━━━━━ Recorded data ━━━━━
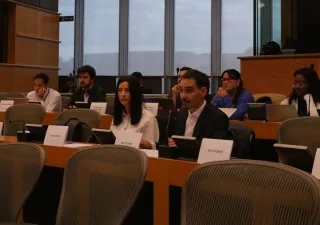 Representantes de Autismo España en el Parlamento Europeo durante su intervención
━━━━━
━━━━━ Recorded data ━━━━━
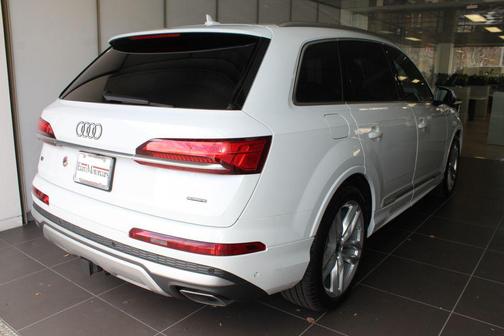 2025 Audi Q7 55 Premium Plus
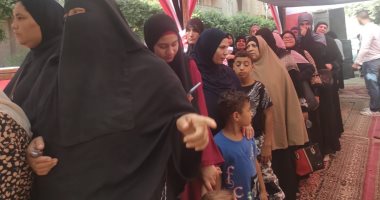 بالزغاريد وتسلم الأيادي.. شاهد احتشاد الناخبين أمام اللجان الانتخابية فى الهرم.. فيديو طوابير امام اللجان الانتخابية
━━━━━
━━━━━ Recorded data ━━━━━
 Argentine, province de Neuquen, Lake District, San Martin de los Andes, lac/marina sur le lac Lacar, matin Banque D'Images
━━━━━
* _Task to carry out_: The result should be an exact copy of only the lines above from the one that holds "2025 Audi Q7 55 Premium Plus" through the one that holds "بالزغاريد وتسلم الأيادي..", both ends included, without pictures.

* _Response to this task_:
 2025 Audi Q7 55 Premium Plus
 بالزغاريد وتسلم الأيادي.. شاهد احتشاد الناخبين أمام اللجان الانتخابية فى الهرم.. فيديو طوابير امام اللجان الانتخابية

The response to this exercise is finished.